In most instances, specialist doctors charge rates well above what the medical scheme benefit pays for in-hospital treatment. The result is a tariff shortfall, also referred to as the medical scheme tariff/rate, that the member must fund personally.

For many, this revelation arrives at the worst possible moment: in the aftermath of an elective hospital admission – for example a knee and hip replacement or emergency spinal surgery – when physical recovery is already mentally and physically hard enough without the weight of an unexpected five- or six-figure debt causing undue stress.

This is the reality of private healthcare in South Africa, and it is precisely why gap cover exists. Real claims data from Sirago Underwriting Managers shows just how significant these shortfalls are and why, regardless of your medical scheme option, gap cover should be considered an indispensable part of your private healthcare funding strategy. This is exactly where your financial advisor must play an important part in your healthcare financial planning.

The Regulatory Framework: Why Gaps Exist at All

South Africa’s private healthcare system is governed primarily by the Medical Schemes Act, overseen by the Council for Medical Schemes (CMS). The Act requires all registered medical schemes to fund a defined basket of Prescribed Minimum Benefits (PMBs) – a set of serious conditions and emergency events, at cost, meaning the scheme must cover the full cost of treatment, regardless of what the healthcare provider charges.  PMB management is incredibly complex, and challenging for any layman to understand, as the rules, while universal, are applied differently by the medical schemes.

In theory, PMBs sound like a comprehensive safety net. In practice, it is far more complicated. Whether a condition qualifies as a PMB, how the scheme interprets its protocols, whether a Designated Service Provider (DSP) is involved, and whether the treating specialist has a tariff agreement with the scheme all affect the amount actually paid.
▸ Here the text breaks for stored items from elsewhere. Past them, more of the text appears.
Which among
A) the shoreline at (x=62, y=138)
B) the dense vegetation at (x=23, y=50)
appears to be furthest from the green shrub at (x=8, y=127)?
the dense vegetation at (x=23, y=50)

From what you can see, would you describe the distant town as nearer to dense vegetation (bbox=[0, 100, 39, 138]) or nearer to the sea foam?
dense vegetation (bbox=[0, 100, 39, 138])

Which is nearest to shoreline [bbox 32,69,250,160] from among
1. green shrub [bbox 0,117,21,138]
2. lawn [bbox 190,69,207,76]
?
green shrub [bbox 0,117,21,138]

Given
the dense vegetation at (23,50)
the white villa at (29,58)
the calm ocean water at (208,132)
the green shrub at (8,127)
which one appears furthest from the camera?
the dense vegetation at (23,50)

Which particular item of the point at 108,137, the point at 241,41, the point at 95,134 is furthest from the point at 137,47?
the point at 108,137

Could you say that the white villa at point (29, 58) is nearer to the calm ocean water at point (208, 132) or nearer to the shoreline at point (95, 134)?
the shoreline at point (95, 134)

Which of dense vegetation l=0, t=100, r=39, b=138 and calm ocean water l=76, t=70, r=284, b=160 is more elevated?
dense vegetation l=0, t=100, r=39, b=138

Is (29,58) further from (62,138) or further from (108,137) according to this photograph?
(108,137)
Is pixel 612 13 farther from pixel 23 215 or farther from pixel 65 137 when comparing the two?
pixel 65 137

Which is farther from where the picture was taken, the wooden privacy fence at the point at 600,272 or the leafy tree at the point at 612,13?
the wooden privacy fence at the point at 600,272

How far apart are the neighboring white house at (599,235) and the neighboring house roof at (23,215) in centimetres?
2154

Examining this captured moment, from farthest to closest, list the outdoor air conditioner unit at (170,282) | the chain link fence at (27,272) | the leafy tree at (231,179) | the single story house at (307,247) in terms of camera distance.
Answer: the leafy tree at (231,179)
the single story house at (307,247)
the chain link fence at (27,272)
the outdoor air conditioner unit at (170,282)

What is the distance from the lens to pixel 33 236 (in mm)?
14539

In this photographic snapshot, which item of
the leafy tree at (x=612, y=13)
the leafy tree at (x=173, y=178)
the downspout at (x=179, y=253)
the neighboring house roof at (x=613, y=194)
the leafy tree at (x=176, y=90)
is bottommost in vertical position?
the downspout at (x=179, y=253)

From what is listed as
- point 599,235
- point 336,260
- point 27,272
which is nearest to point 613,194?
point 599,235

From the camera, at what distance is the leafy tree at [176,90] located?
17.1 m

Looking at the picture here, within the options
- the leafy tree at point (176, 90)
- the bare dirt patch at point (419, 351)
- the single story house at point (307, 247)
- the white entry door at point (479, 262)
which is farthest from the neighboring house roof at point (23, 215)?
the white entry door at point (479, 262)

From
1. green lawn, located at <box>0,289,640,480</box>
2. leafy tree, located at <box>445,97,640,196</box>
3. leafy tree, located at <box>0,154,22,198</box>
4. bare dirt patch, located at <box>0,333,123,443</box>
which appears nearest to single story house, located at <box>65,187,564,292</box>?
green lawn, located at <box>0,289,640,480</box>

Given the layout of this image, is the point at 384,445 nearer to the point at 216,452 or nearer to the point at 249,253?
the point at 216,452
The payment rift lies in specialist tariffs. Unlike the pharmaceutical sector, where medicine prices are regulated under the Single Exit Price mechanism, there is no regulatory ceiling on what a healthcare specialist may charge in South Africa. Specialists are free to set their own fees, and in a market characterised by acute skills shortages and growing demand, many charge rates that are 200% to 500% higher than what medical schemes reimburse.  There are even some outliers where the tariff rates are 800% higher than the scheme payment.

The scheme will only ever pay its contracted rate. The specialist charges their preferred rate, even if they are contracted with the schemes. The difference, which can run to tens or even hundreds of thousands of rands, is the tariff shortfall, and it lands in the member’s lap. This is the “gap” that the industry refers to.

Medical Scheme Membership Is Not Full Cover

There is a widely held and potentially very costly misconception that belonging to a medical scheme means your in-hospital treatment is fully covered. It is not.

Most medical scheme options reimburse in-hospital specialist fees at a fixed percentage of a reference tariff, commonly referred to as the Scheme Rate or Scheme Tariff. But these benchmarks have not kept pace with actual market charges, and a specialist billing at 500% of tariff will leave even a member on a 300% reimbursement option facing a 200% shortfall on their own account.

Beyond tariff shortfalls, medical schemes can/also impose:

  • Co-payments: Fixed rand amounts a member must pay for certain procedures or hospital stays.
  • Sub-limits: Annual rand caps on specific benefits, after which the member funds further treatment.
  • Benefit exclusions: Certain treatments or procedures that schemes simply do not cover at all.
  • PMB interpretation gaps: Where a diagnosed condition is not recognised by the scheme as a PMB under their protocols, even if it is clinically serious.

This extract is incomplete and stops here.